En ese contexto, el escritor despliega una variopinta galería de personajes característicos del barrio, como el “doctor” Bruni, el Gallego Menéndez y el propio Negro Varela, entre otros.
En ese paraje geográfico de nuestra capital aledaño al Parque de los Aliados (hoy Parque José Batlle y Ordóñez), una comunidad se apresta a despedir, por última vez, al entrañable Negro Varela, un marginal querido por todos, devenido, a la sazón, en una suerte de personaje emblemático.
Lejos de la habitual pompa de los funerales de extracción burguesa o de la solemne austeridad de los de clase media, la “ceremonia” devine entrañable homenaje al amigo, al compañero y al referente barrial, en un ritual que tiene mucho de ejercicio de experiencia compartida y hasta de deseo de utópica resurrección.
Empero, esa contingencia carece en este relato de un acento dramático, en tanto muta en apelación a la celebración de la vida, al reencuentro y a la recuperación de los recuerdos compartidos.

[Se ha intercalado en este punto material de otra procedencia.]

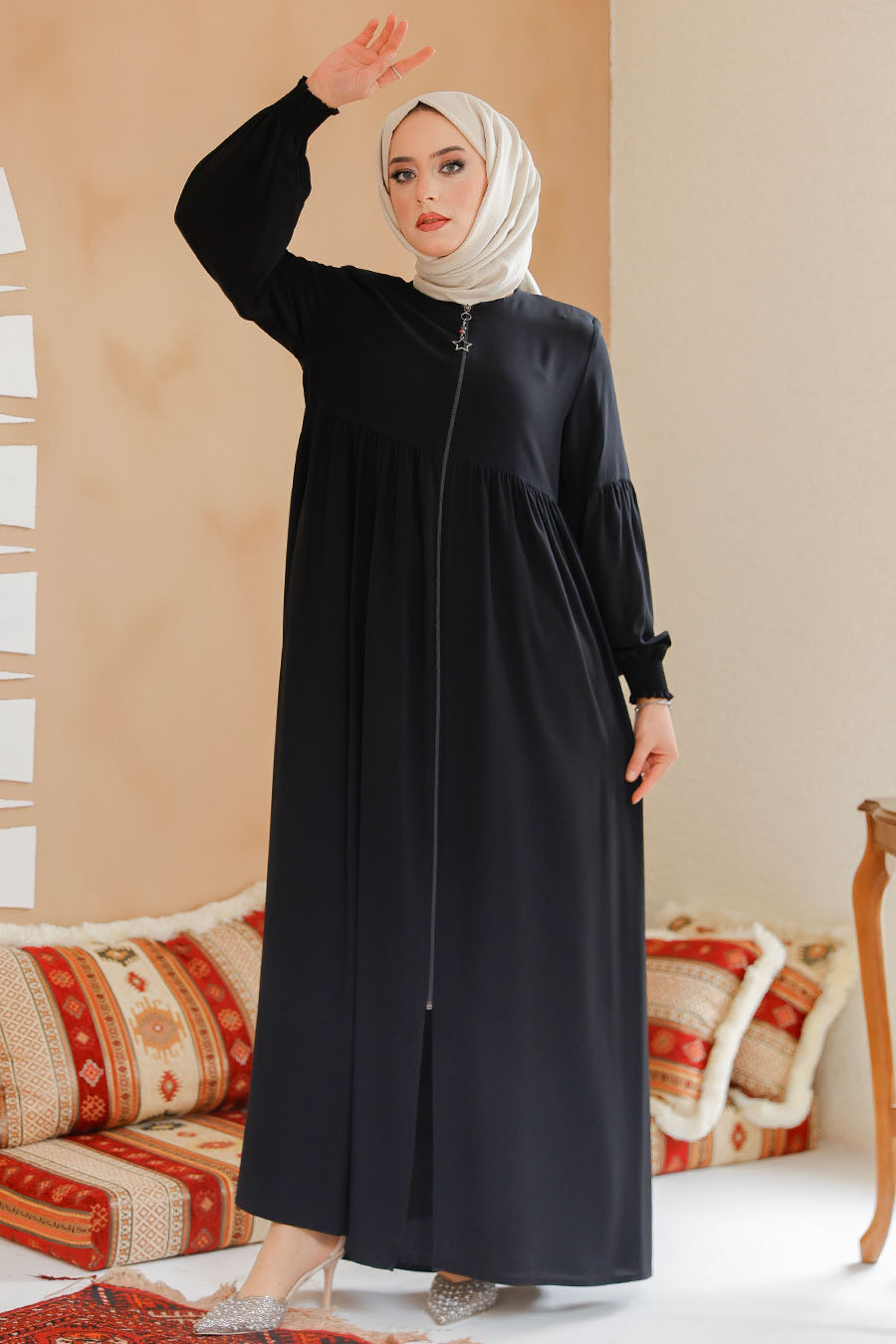 Fermuarlı Siyah Tesettür Ferace 45284S - 4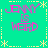 A static image with a bright cyan background featuring four identical text blocks arranged in a , each displaying 'JENNY IS WERD' in pink pixelated letters surrounded by yellow dotted and star-shaped borders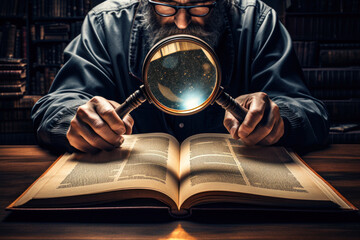 Illustration of a intellectual man holding a magnifying glass over a book seeking truth and knowledge Generative AI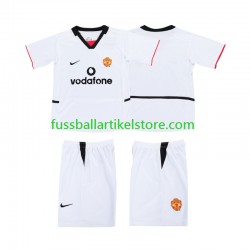 Manchester United Auswärtsausrüstung Football Shirt 2002 2003 Kinder Set(Trikot und Hose) S/S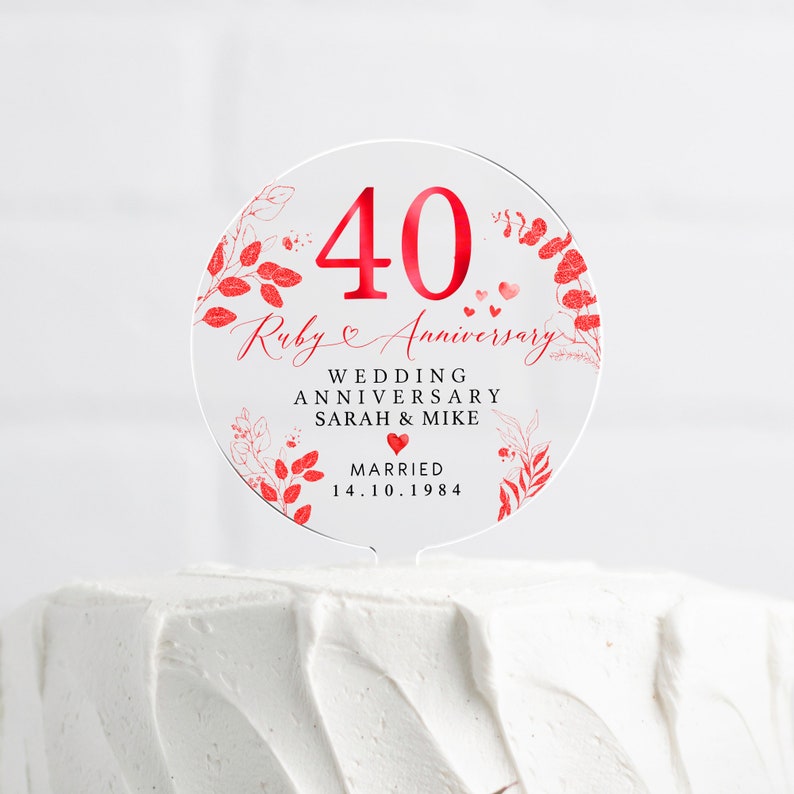 Personalised Anniversary Cake Topper, Ruby Anniversary Cake Topper, 40th Anniversary Cake Topper, 40th Anniversary Gift, 40th Anniversary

“La segunda muerte del Negro Varela” destila humanidad, porque sugiere que la solidaridad es una de las claves de la convivencia social entendida como épica cotidiana y que la felicidad es -ante todo- un estado espiritual y un valor no transable sin cotización de mercado. Mauricio Rosencof corrobora su intrínseca sensibilidad para retratar cuadros conmovedores, mediante una prosa que exhala emotividad y compromiso con la memoria de los héroes anónimos que construyen cotidianamente la historia ignorada.